Task details: From the entries below, return exactly the lines beginning at the one that contains "214 East 27th" and ending at the one that contains "Activo con contrato: $424,900", both of them included, and only those lines.

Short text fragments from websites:
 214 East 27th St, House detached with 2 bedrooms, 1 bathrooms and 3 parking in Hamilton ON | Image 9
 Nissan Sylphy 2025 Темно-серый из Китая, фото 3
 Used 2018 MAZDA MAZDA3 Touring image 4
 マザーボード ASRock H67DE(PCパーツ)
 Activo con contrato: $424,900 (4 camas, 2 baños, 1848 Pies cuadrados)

--

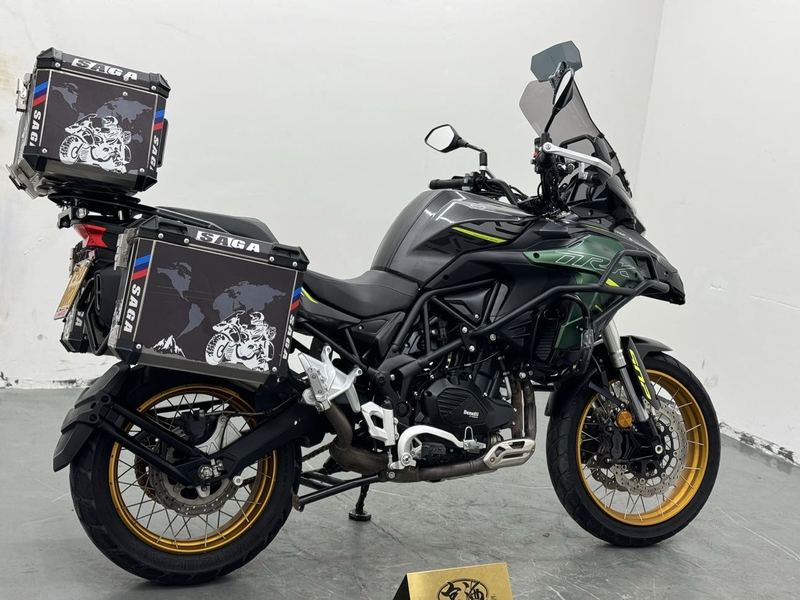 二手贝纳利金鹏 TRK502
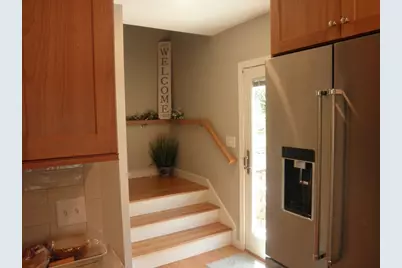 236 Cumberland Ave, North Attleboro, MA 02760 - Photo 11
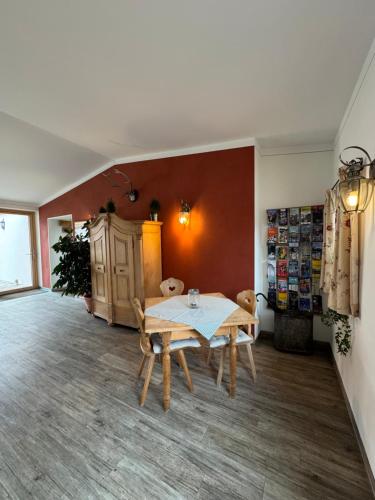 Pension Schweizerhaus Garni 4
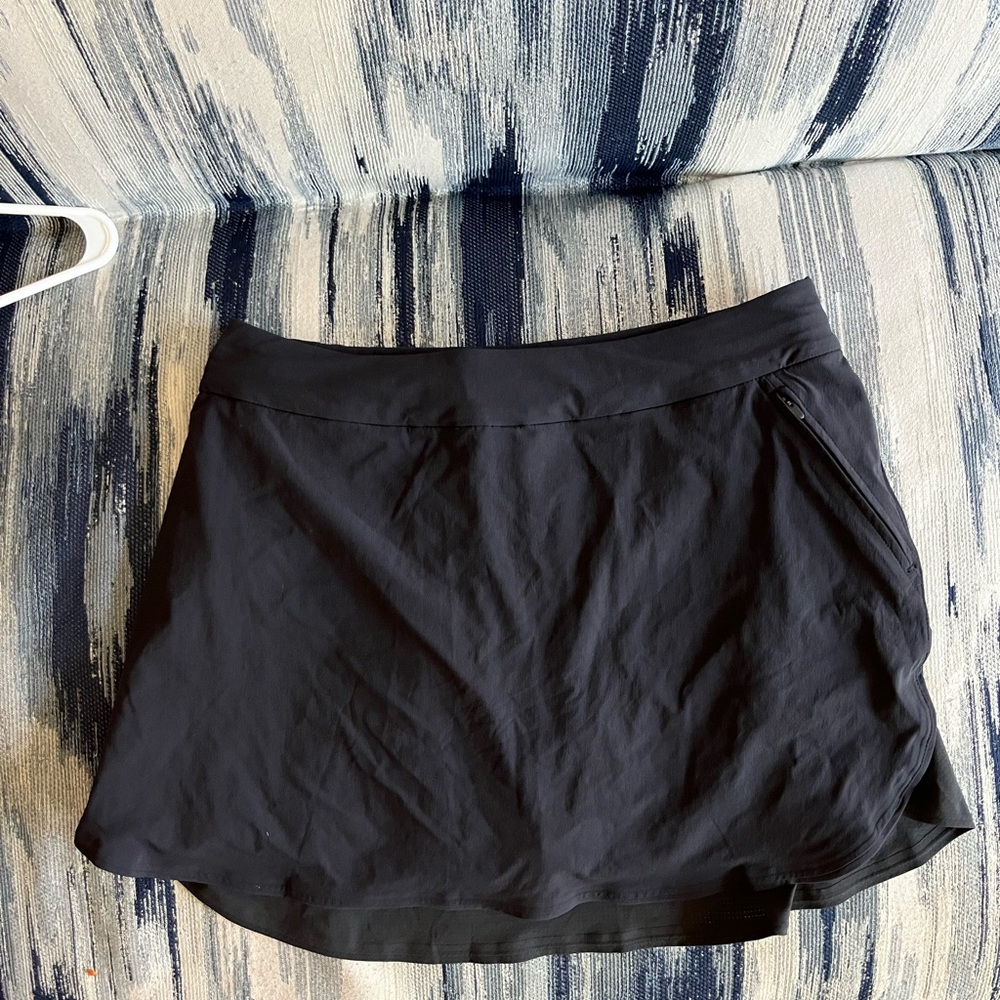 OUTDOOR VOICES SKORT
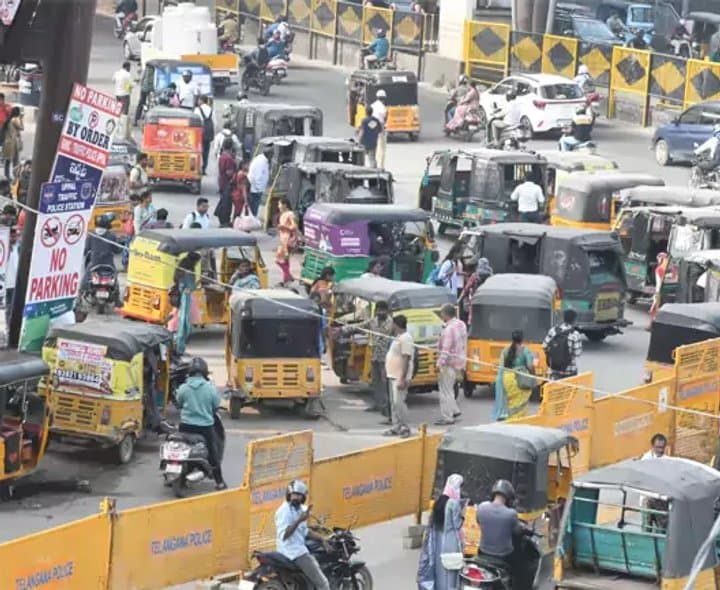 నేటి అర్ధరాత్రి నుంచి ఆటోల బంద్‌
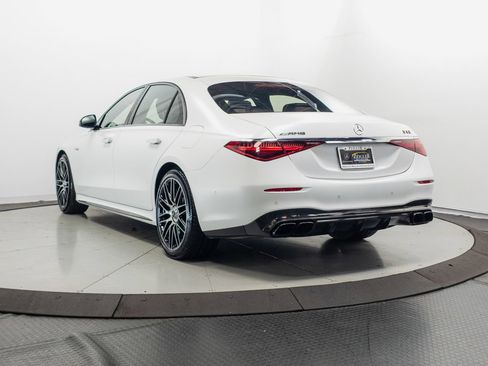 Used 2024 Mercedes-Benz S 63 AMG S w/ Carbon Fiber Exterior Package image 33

Output of the task:
 214 East 27th St, House detached with 2 bedrooms, 1 bathrooms and 3 parking in Hamilton ON | Image 9
 Nissan Sylphy 2025 Темно-серый из Китая, фото 3
 Used 2018 MAZDA MAZDA3 Touring image 4
 マザーボード ASRock H67DE(PCパーツ)
 Activo con contrato: $424,900 (4 camas, 2 baños, 1848 Pies cuadrados)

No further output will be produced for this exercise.